- WHAT THE TASK ASKS
When copying the data below, keep only the lines from the one with "For the same" through the one with "So for test", word for word, and skip the pictures.

- ENTRIES SUPPLIED
-- -- --

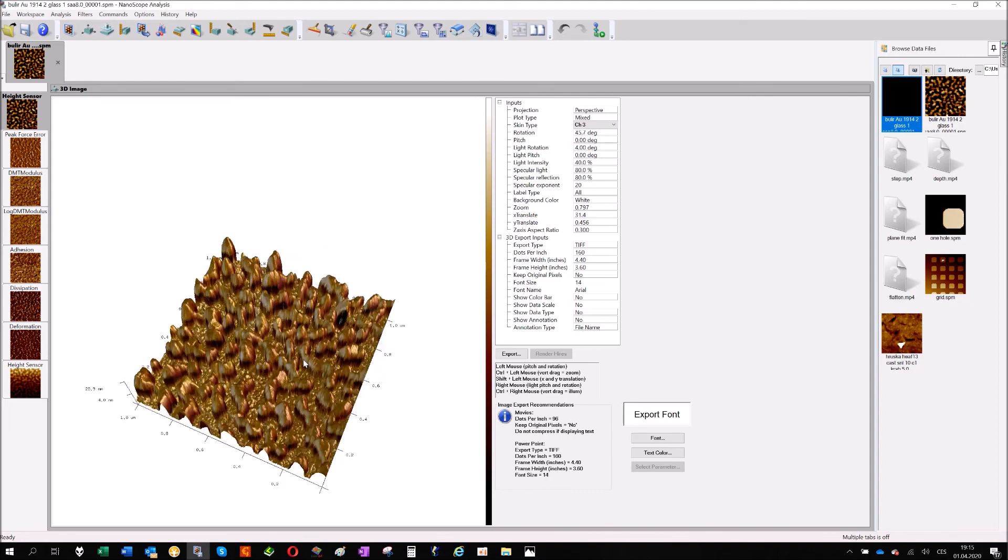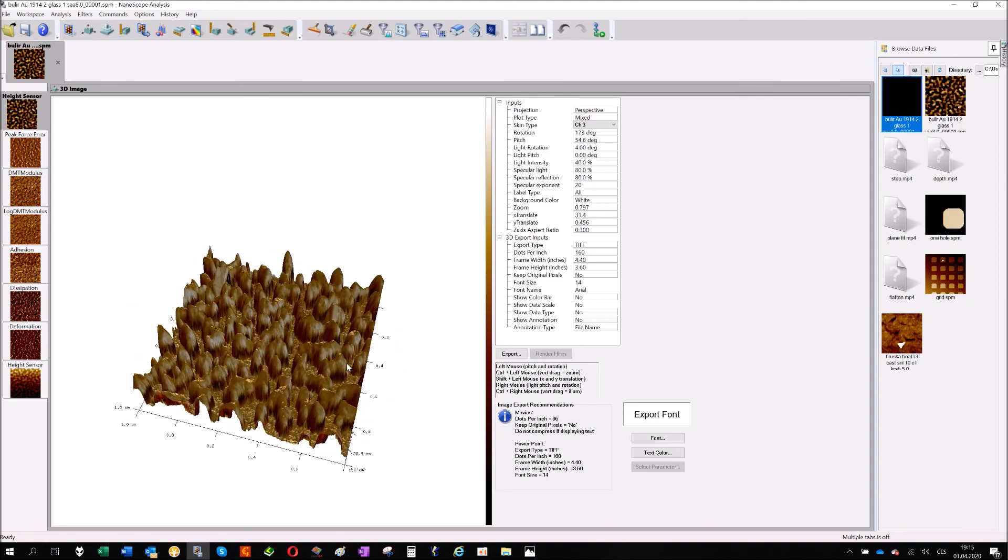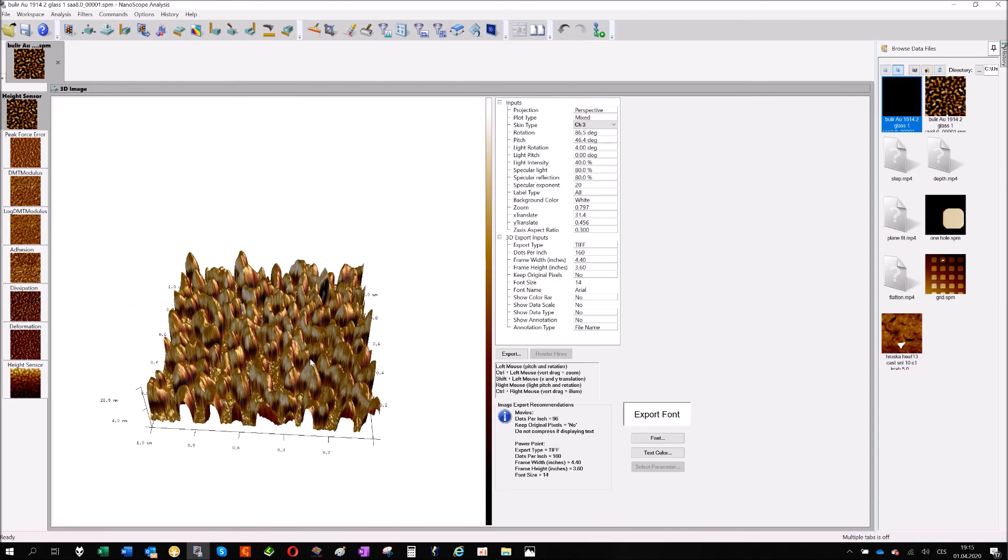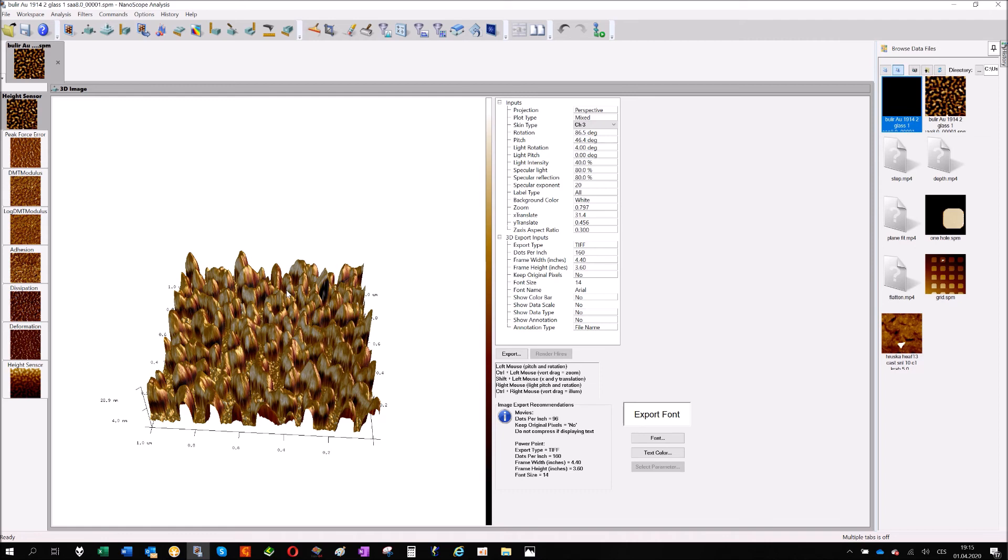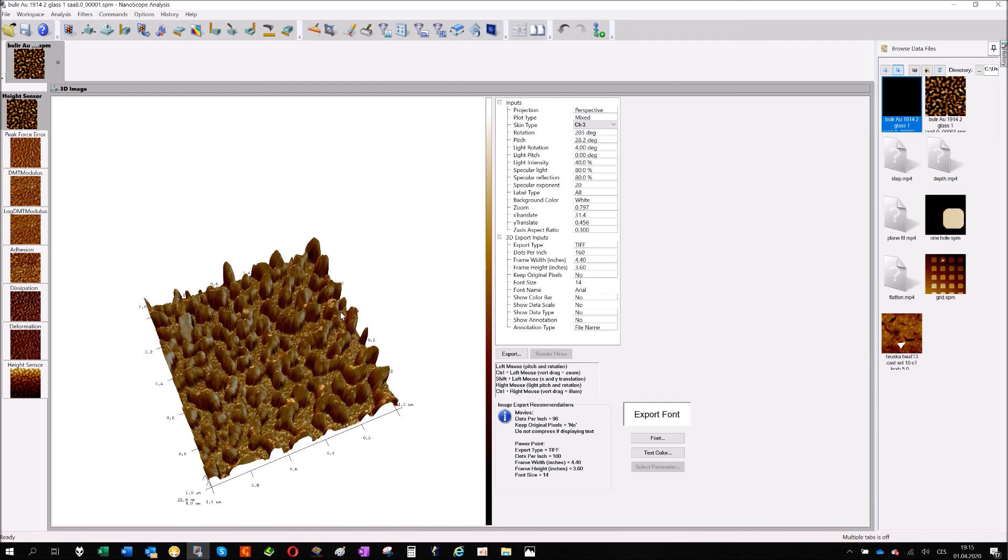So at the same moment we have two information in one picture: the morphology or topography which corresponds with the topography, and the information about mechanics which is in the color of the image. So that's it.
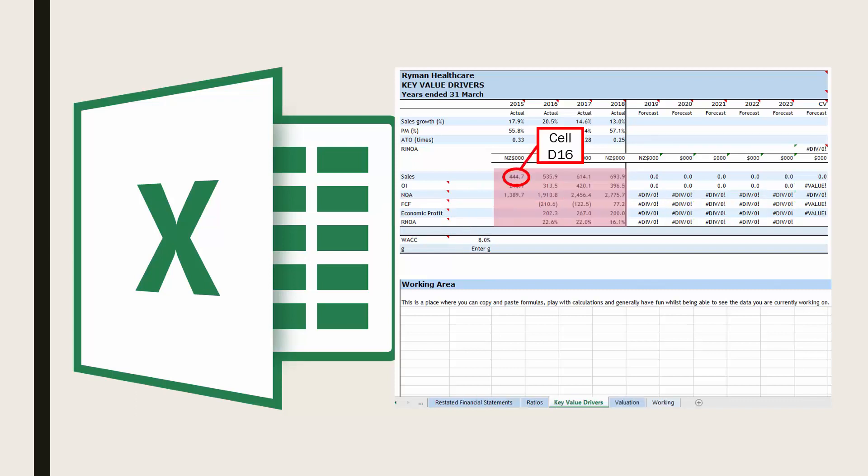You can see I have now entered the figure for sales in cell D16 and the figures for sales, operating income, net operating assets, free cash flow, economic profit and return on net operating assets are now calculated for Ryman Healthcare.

-- -- --

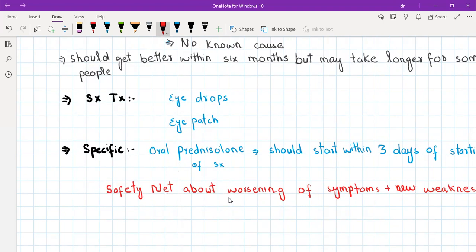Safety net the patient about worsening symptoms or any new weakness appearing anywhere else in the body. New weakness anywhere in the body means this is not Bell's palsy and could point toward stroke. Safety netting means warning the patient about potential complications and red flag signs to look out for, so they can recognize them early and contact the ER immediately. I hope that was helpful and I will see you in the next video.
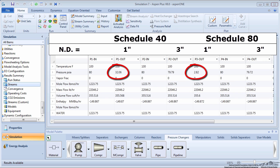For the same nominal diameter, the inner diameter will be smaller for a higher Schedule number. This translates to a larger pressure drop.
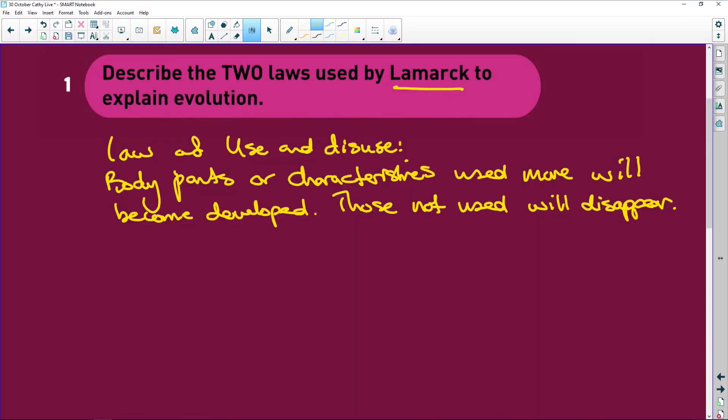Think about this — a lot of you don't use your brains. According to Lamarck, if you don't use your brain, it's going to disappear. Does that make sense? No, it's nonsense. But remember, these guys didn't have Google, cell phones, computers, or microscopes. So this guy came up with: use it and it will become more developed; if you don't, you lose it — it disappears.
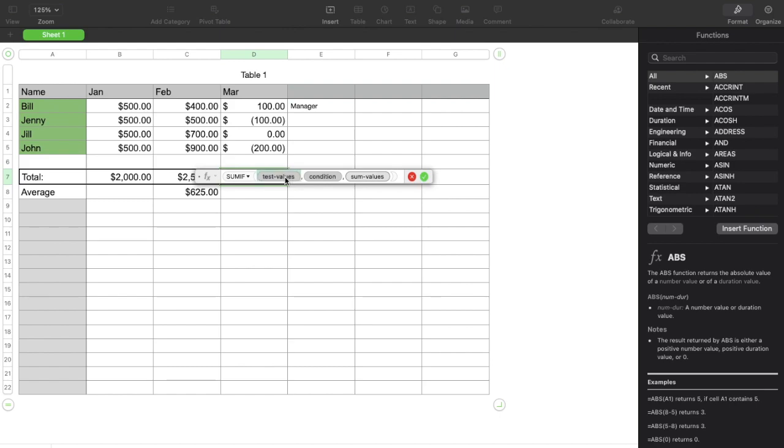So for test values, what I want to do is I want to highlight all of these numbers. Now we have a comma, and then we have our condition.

-- -- --

- SOLUTION
For the same nominal diameter, the inner diameter will be smaller for a higher Schedule number. This translates to a larger pressure drop.
Think about this — a lot of you don't use your brains. According to Lamarck, if you don't use your brain, it's going to disappear. Does that make sense? No, it's nonsense. But remember, these guys didn't have Google, cell phones, computers, or microscopes. So this guy came up with: use it and it will become more developed; if you don't, you lose it — it disappears.
So for test values, what I want to do is I want to highlight all of these numbers. Now we have a comma, and then we have our condition.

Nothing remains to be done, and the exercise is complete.